- Genre: Game Show
- Presented by: Tim Ferguson
- Country of origin: Australia
- Original language: English
- No. of series: 1
- No. of episodes: 1

Production
- Running time: 30 Min.

Original release
- Network: Nine Network
- Release: 1998 – 1998

= Little Aussie Battlers =

Little Aussie Battlers is an Australian television game show that was broadcast on Nine Network Australia on 10 February 1998. It was hosted by Tim Ferguson and was a pilot for a possible series.

Little Aussie Battlers saw three groups of three children competing at different challenges. 10 Month old babies competed in the Not So Grand Prix and Spaghetti Darts, four-year-olds in Nappy Ever After and Advanced Driving and seven-year-olds in Disaster Mind, Have I Got News for You and H2O Slammers. The production team had spent 10 months inventing and experimenting with children's games for the show.

==Reception==
Tony Squires in The Sydney Morning Herald called it a debacle and said "The only vaguely interesting moment was when one of the small fry in the event involving babies throwing spaghetti from their high chairs covered the camera with a handful of the stuff." Garry Maddox in The Sydney Morning Herald's The Guide gave it a thumbs down and wrote "Heard of the Winter Olympics? This is the Witless Olympics." In the Age Debi Enker called it a "depressing experience."

Child Health Council of SA chairwoman Elizabeth Puddy criticised the show and wrote "We believe it is unacceptable and highly inappropriate to televise a program whose sole aim is to amuse others through the loss of dignity of another human being.
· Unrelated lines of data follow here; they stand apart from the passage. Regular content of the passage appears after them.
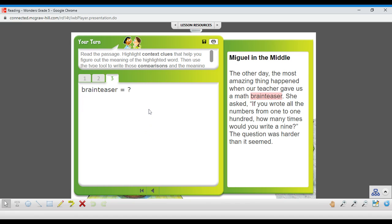This is how you use comparisons and context clues to figure out these mystery words that we come across, and that should give you more confidence in your reading.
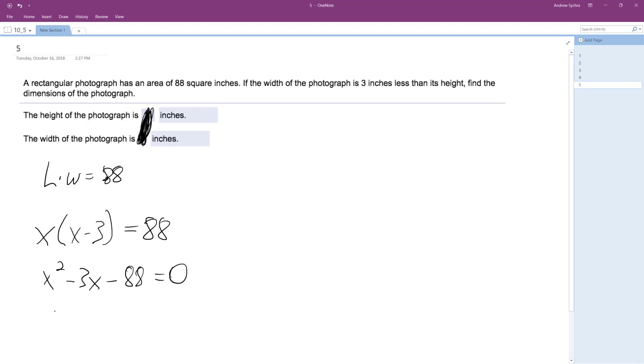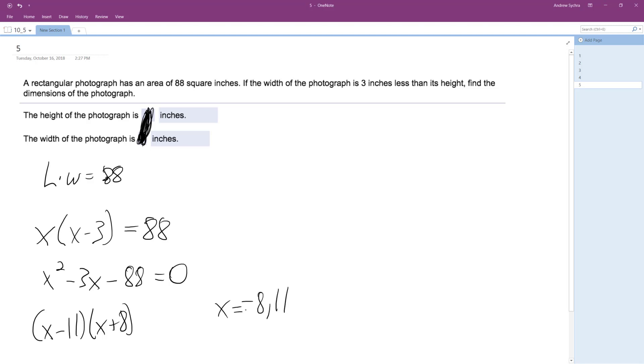So factoring this out, what times what equals 88 and then what added together equals negative three? It's going to be negative 11 and positive eight. So x minus 11, x plus eight. So our results are going to be x is equal to negative eight and 11.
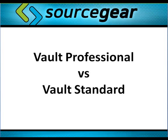This is Linda Bauer, SourceGear Technical Support Manager. If you're already a Vault user, or if you're trying to choose between Vault or Vault Pro, this video is for you.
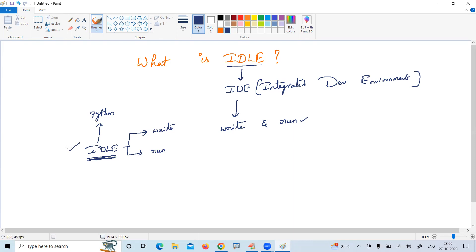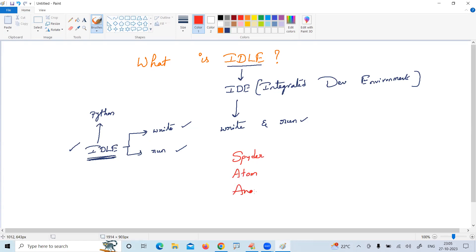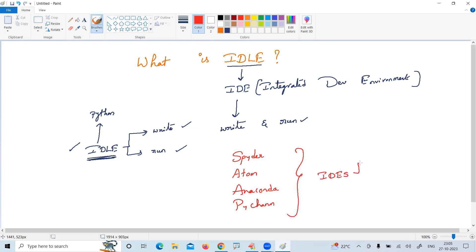IDLE is called the default IDE to write and run Python programs. Other IDEs are also supported to write Python applications — there are many, such as Spyder, Atom, Anaconda, and PyCharm. These are high-level IDEs by which you can easily develop and run Python applications.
This is made more problematic by the inability of participants, particularly the babies, to make an effective choice about whether or not to participate." Young Media Australia Adelaide executive director Barbara Biggins was also critical. "This and other programs of the same ilk, such as Australia's Funniest Home Video Show, which set up children for accidents, frights, messes and to make fools of themselves all for "adult" enjoyment, don't appear to contravene TV program standards, they just offend against standards of common decency to children." Nine program development director David Lyle defended the show saying "There were no children insulted or made fun of," "Much of the joke – and you can decide if it worked – was about sending up adults' conventions and seeing how silly they are when you put children in their place."